I don’t know much about beer, except that the beer I like I tend to like a lot – I like it very much, and I like to drink much of it. I’d like to have a better sense of what I do and don’t like and a better vocabulary to talk about it. I really, really like Newcastle brown ale, and Goose Island’s brown ale. I bought two other brown ales recently, thinking that “brown ale” meant more than it does, apparently. One of the two was okay, not as good as either Newcastle or Goose Island. I can’t remember what it was called. The other, Bell’s Best Brown Ale, didn’t taste good to me. So much so that I gave the other 5 bottles in the 6 pack away. My friend Matt works in a brewery, he tells me that I probably don’t like hops much. Hoppy beers make me unhoppy… ! Ha!

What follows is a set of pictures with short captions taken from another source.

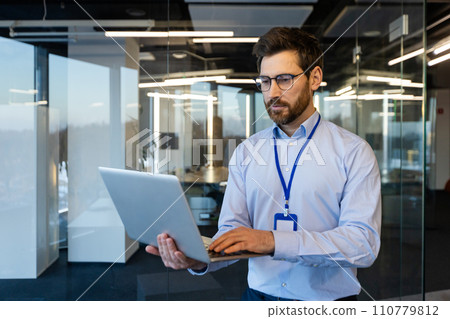 Serious businessman, system administrator stands with a laptop in his hands, a thinking man in a shirt reads data thoughtfully, near the window, a programmer works inside the office with a computer. 110779812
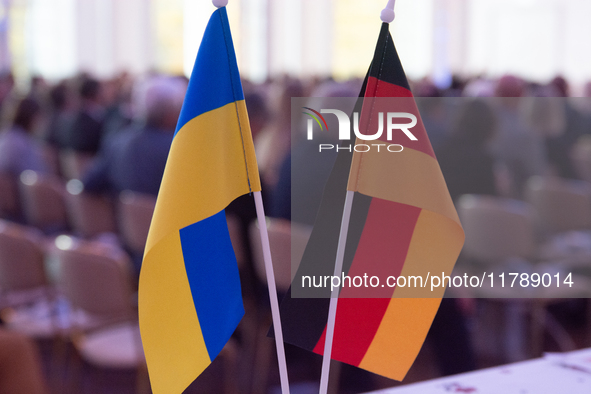 A general view of the flags of Ukraine and Germany is seen before the Ukraine Conference of NRW at Flora Hall in Cologne, Germany, on Novemb...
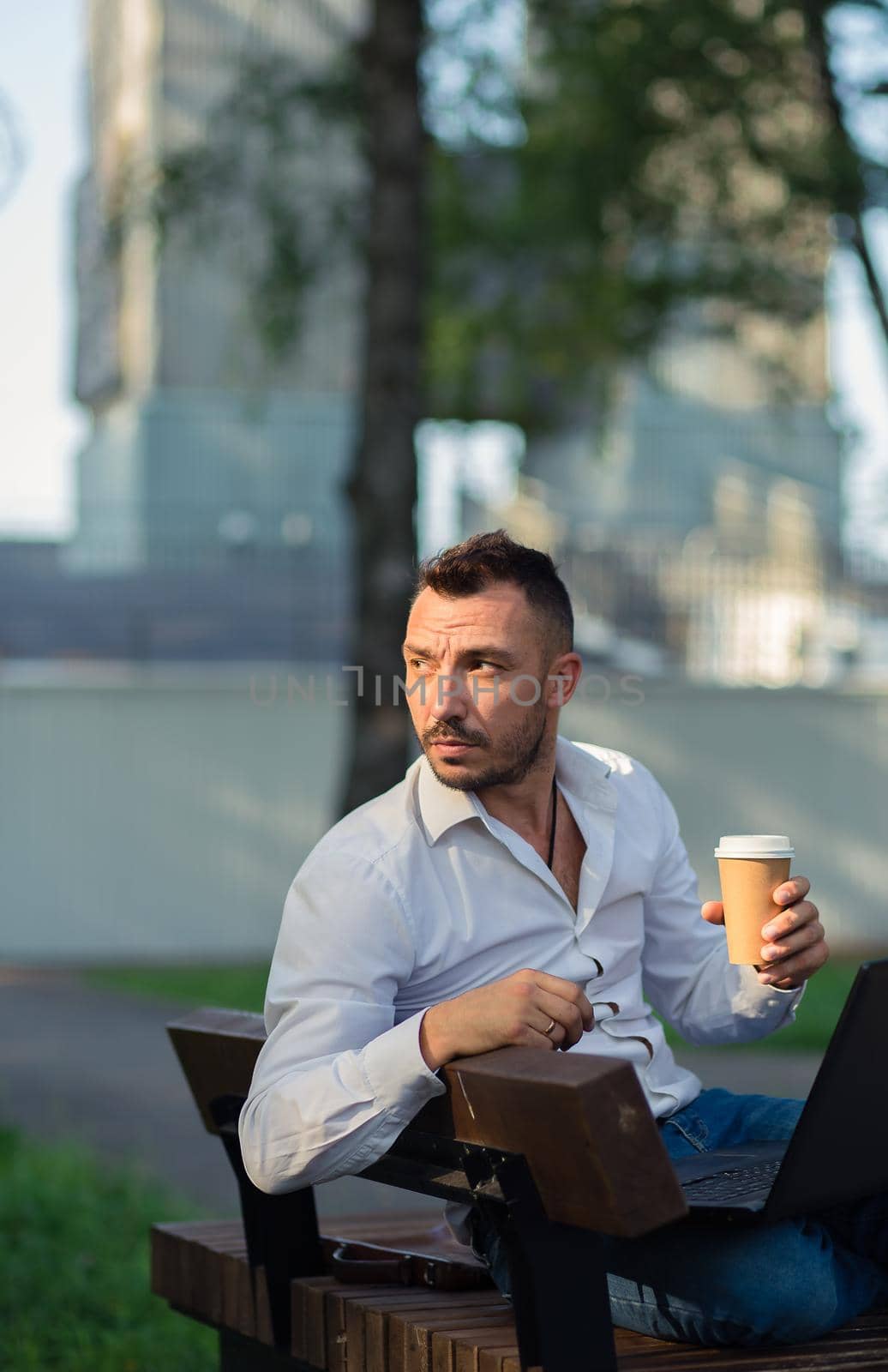 Thoughtful man in the park with a laptop drinking coffee. A young man on a background of green trees, a hot sunny summer day. Warm soft light, close-up.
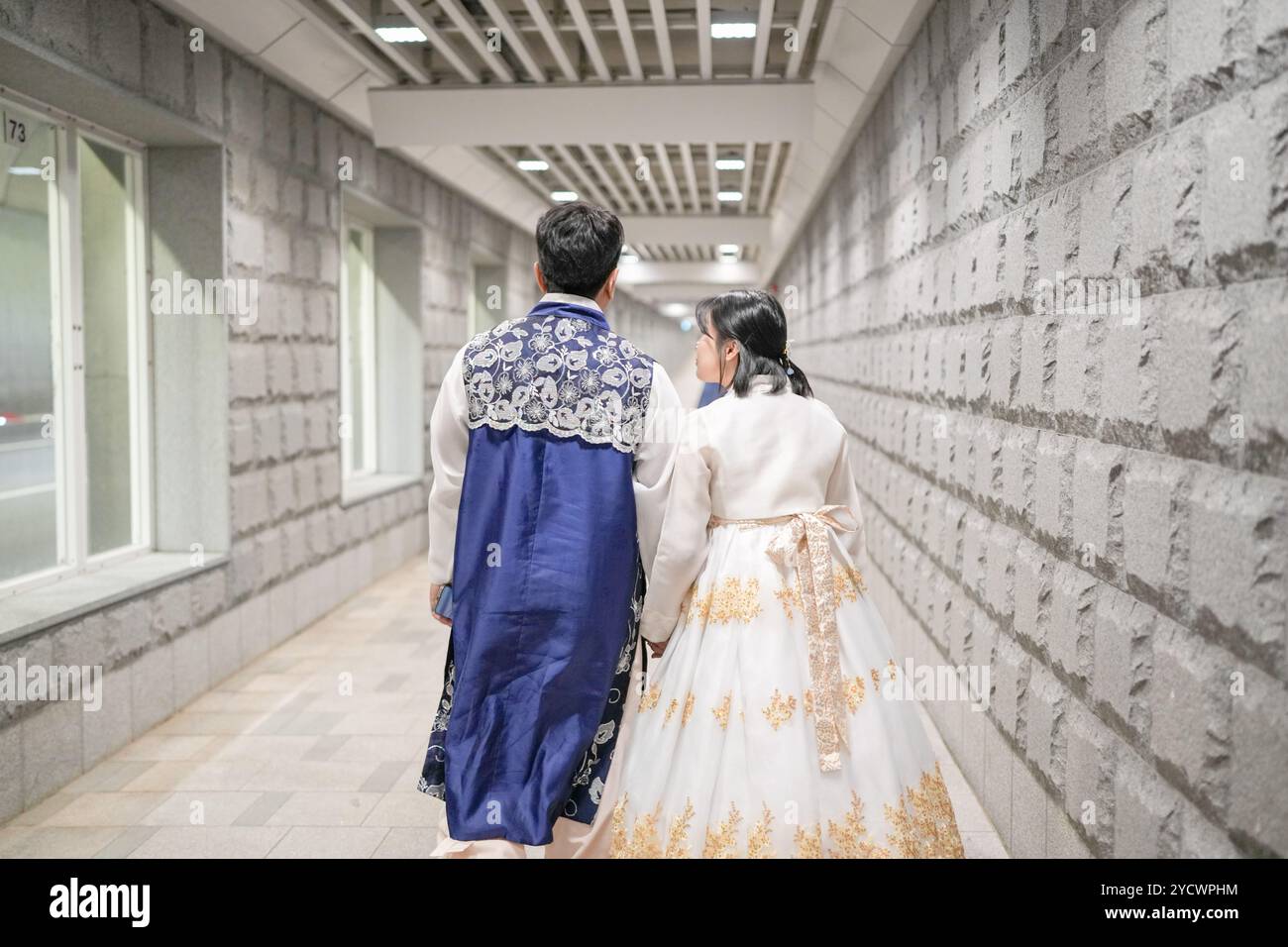 Mann und Frau gehen den Flur entlang. Der Mann trägt eine blaue Jacke und die Frau ein weißes Kleid Stockfoto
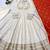 Beige heavy lace work cosmos gold anarkali suit set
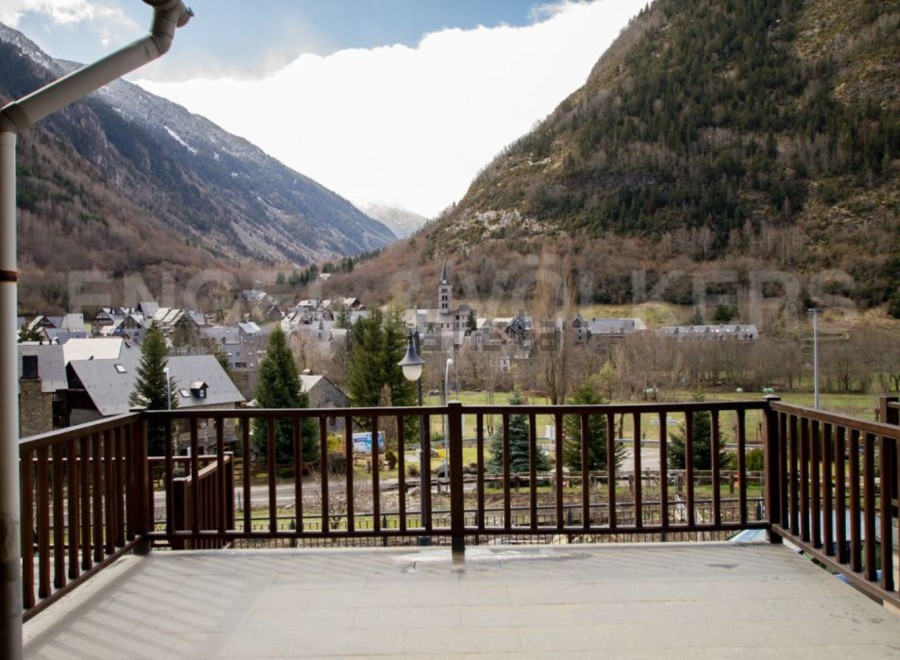 Mountain views from a balcony with wooden railings.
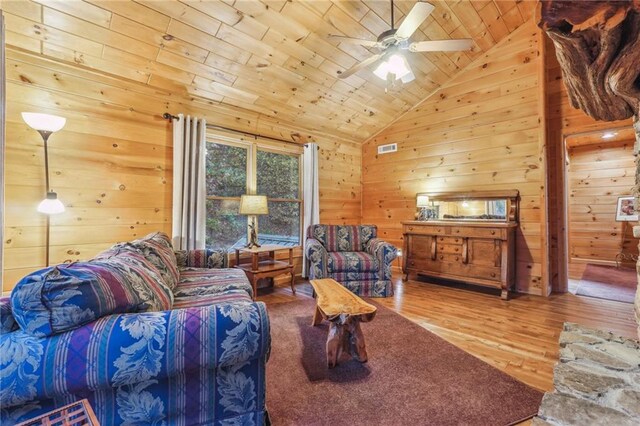 living room with wood walls, light hardwood / wood-style flooring, wood ceiling, ceiling fan, and lofted ceiling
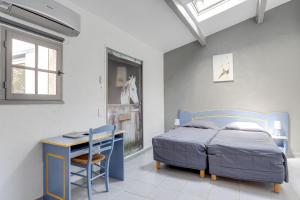 a bedroom with a bed and a desk and a table at Hotel Les Palmiers En Camargue in Saintes-Maries-de-la-Mer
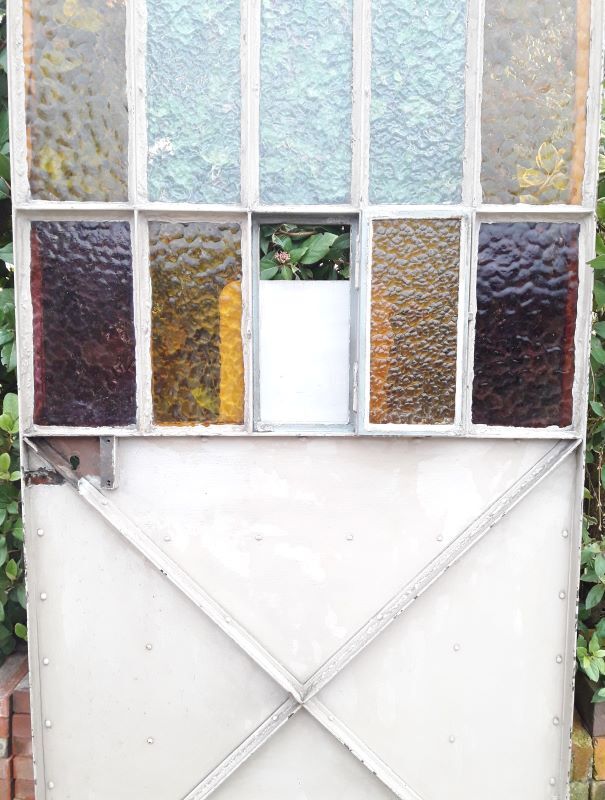 Workshop door 258.4x98.5cm in iron and colored cathedral glass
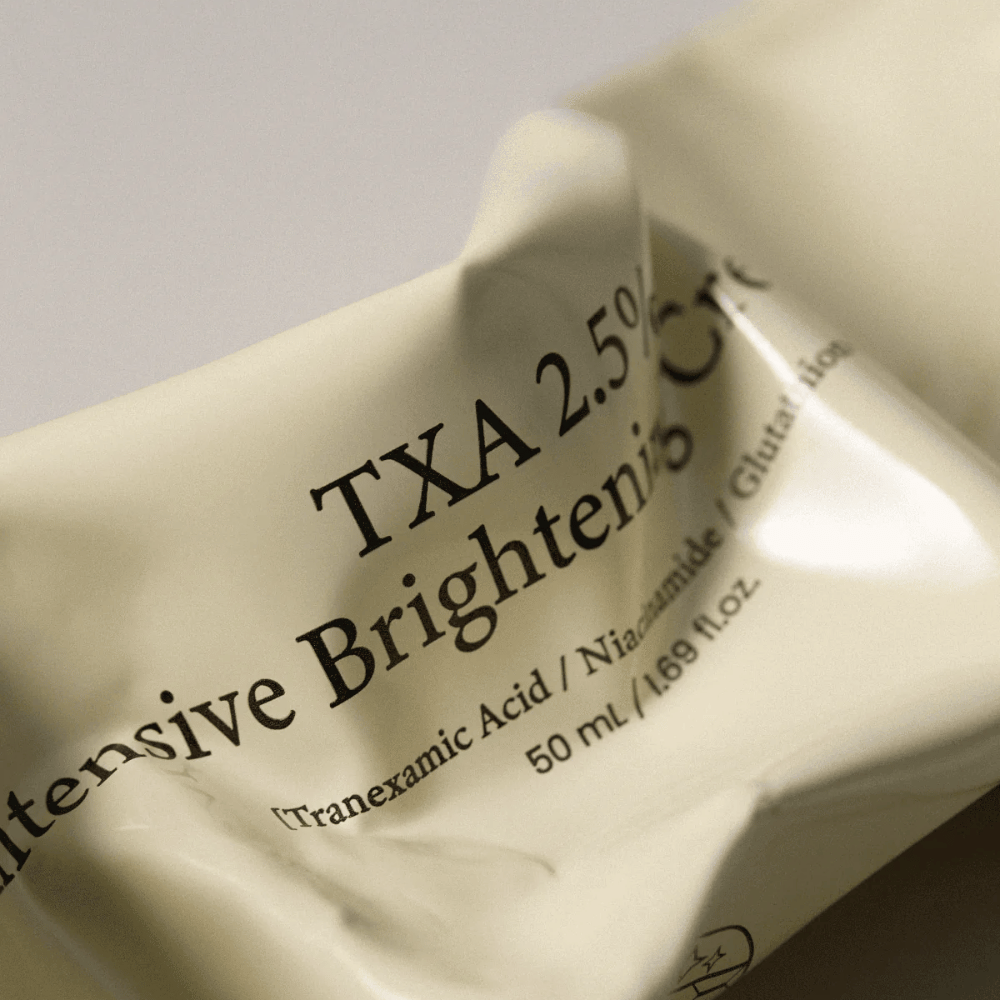Detailný záber na AXIS - Y TXA 2.5% Intensive Brightening Cream, kde je v centre pozornosti jemný a minimalistický dizajn tuby. Obrázok zvýrazňuje názov produktu, Tranexamic Acid a Niacinamide, ako aj elegantné béžové balenie.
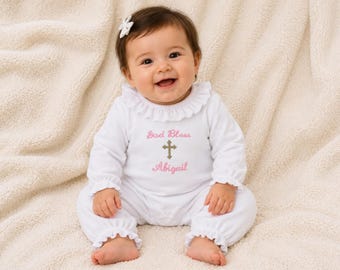 May include: A white long-sleeved infant romper with ruffled collar and cuffs. The chest features embroidered pink text reading God Bless and Abigail, separated by a gold-colored cross. A small white bow is attached to the hair of the infant.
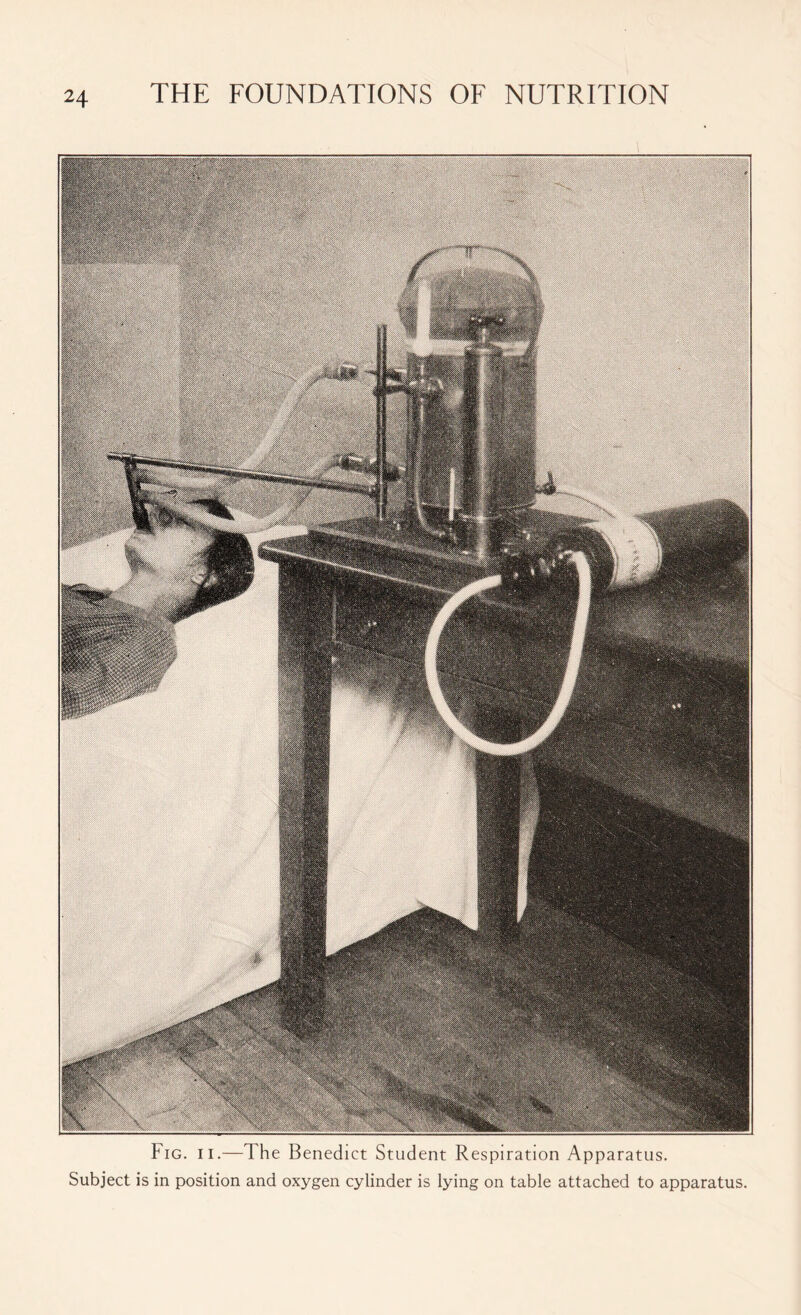 Fig. ii.—1 he Benedict Student Respiration Apparatus. Subject is in position and oxygen cylinder is lying on table attached to apparatus.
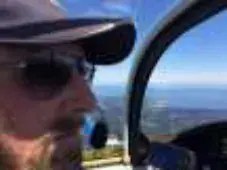 A smiling bearded pilot in a cap, sunglasses and headset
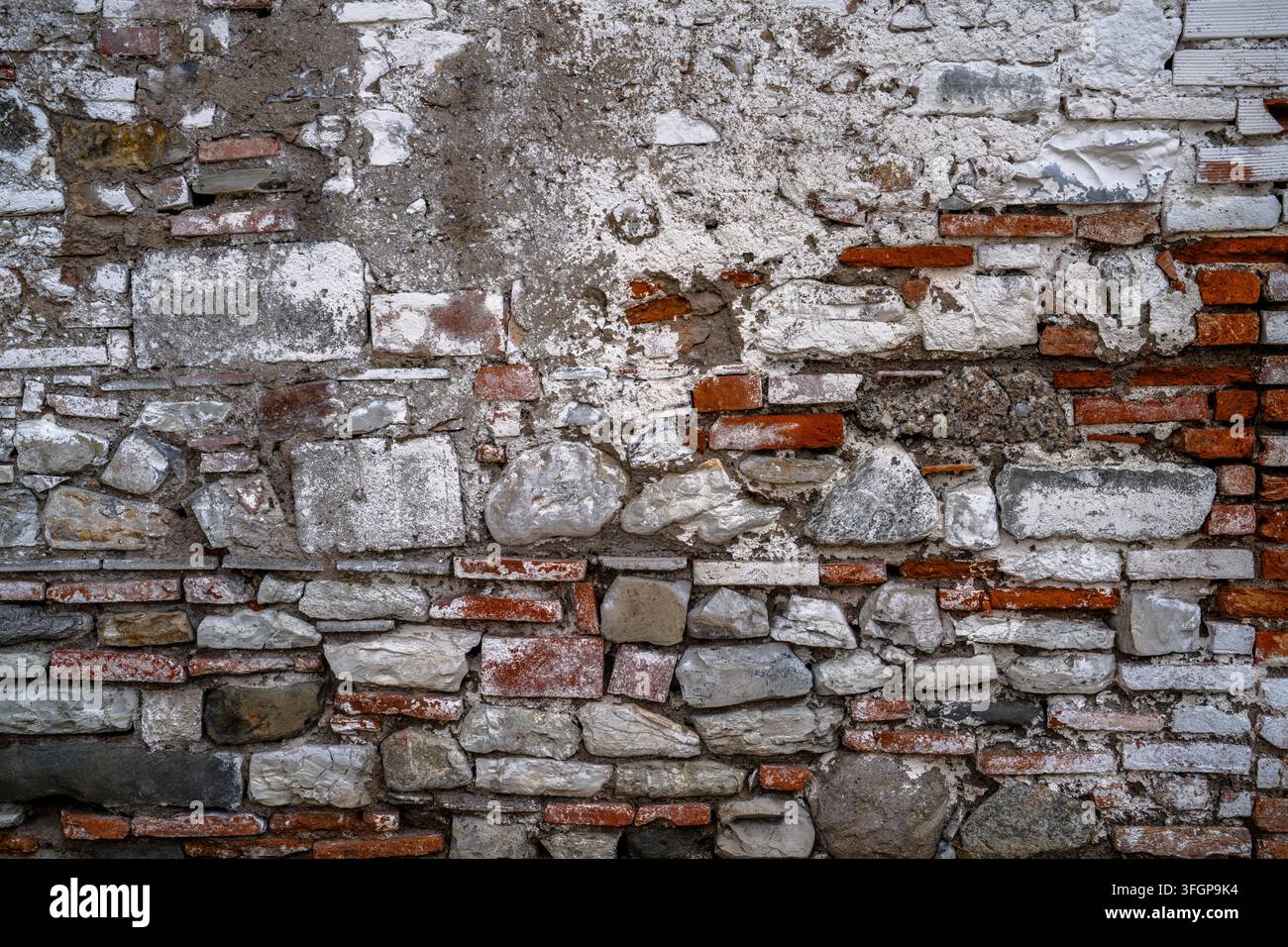 Vista ravvicinata di un muro di muratura invecchiato che combina pietre irregolari, mattoni rossi e malta, con superfici consumate e texture variate su tutta la struttura. Foto Stock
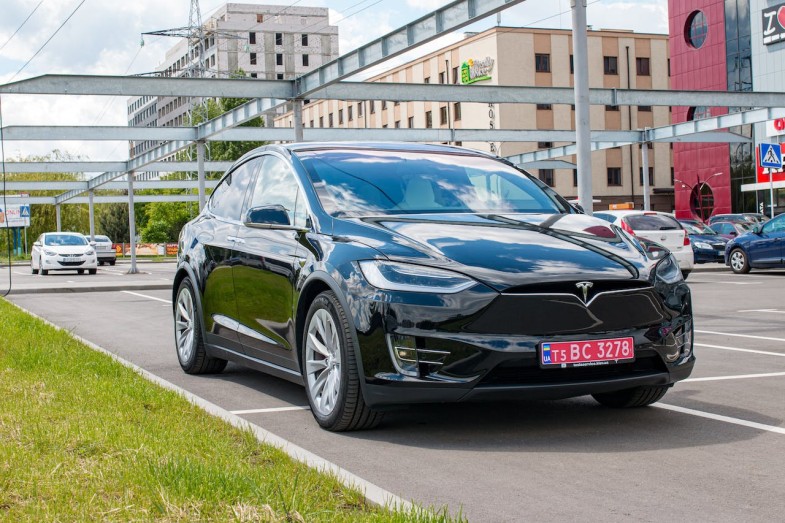 TESLA PARKED BLACK VEHICLE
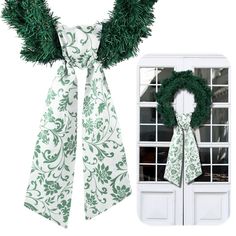 a green and white bow tie next to a window with a wreath on top of it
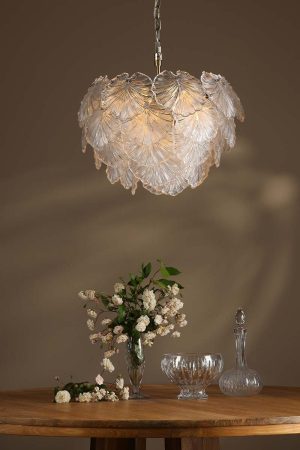 Courtney 10 light pendant in antique brass with textured glass leaves, over dining room table lit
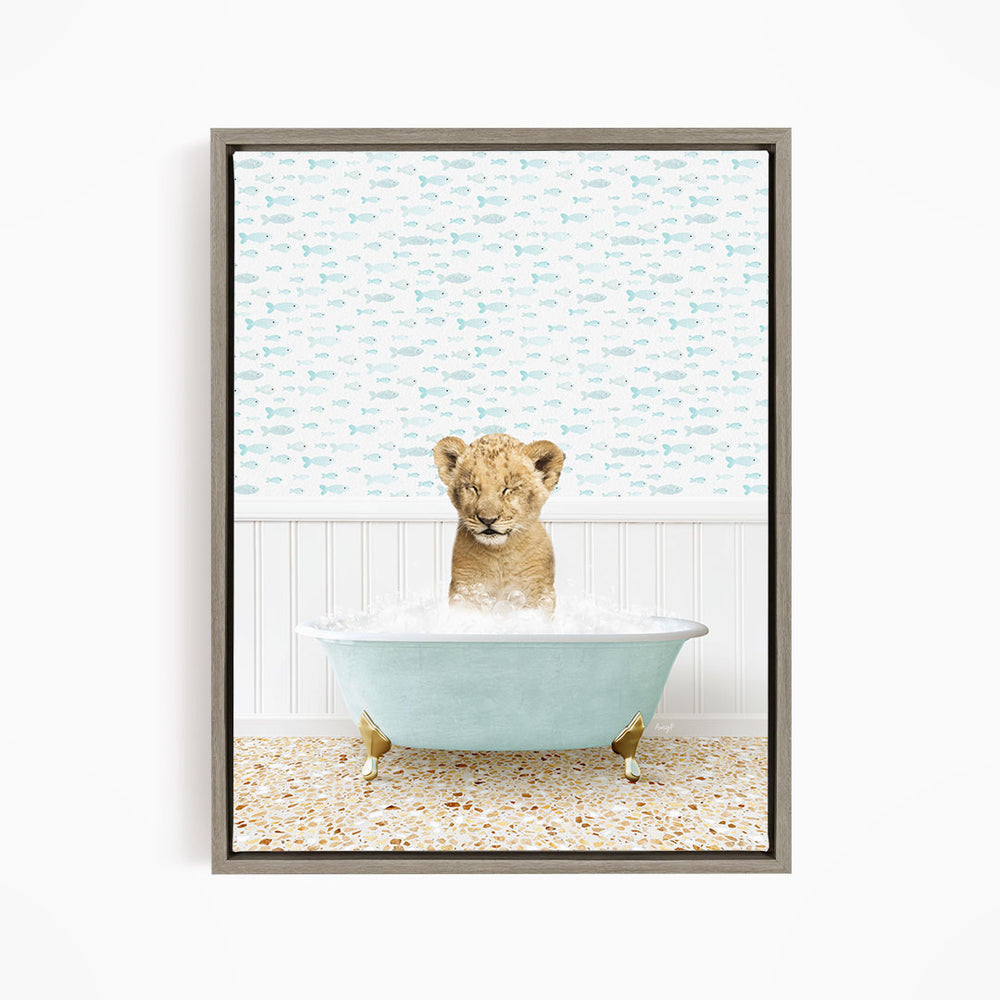 A young lion cub sitting in a blue bathtub filled with water, surrounded by a pattern of fish.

After I gave the beers to my neighbor I started thinking, when would I drink that beer? I’d definitely would drink it if I had kept it around the house but I wouldn’t have liked it. It’d be a first beer that I’d endure, not enjoy. I think it might be an okay second beer, or third beer. Then I got to thinking, what makes for a good second beer? To be clear here, “second beer” doesn’t mean “the second drink you have”, it’s the second type of beer you drink while drinking. So, if you have a pint of Guiness then a pint of Stella, the Stella is both the second drink and the second beer. If you have three pints of Guiness then a pint of Stella, your second drink and third drinks are Guiness, the Stella is your fourth drink and your second beer. I know I have tastes about what I like better in a second beer, but I’m not sure what they are, because I don’t drink very often anymore. I’d say this brown ale that I didn’t like would be a lousy first beer for me (because I don’t like how it tastes). It’d be an okay second beer, because by the time the second beer rolls around I’m in a more charitable mood. I think it’d totally work for a third beer, because the third beer mostly just has to be wet and beer-ish in flavor. Ideally it should be lighter too. Hmm.
Inconclusive. Clearly further inquiry is needed.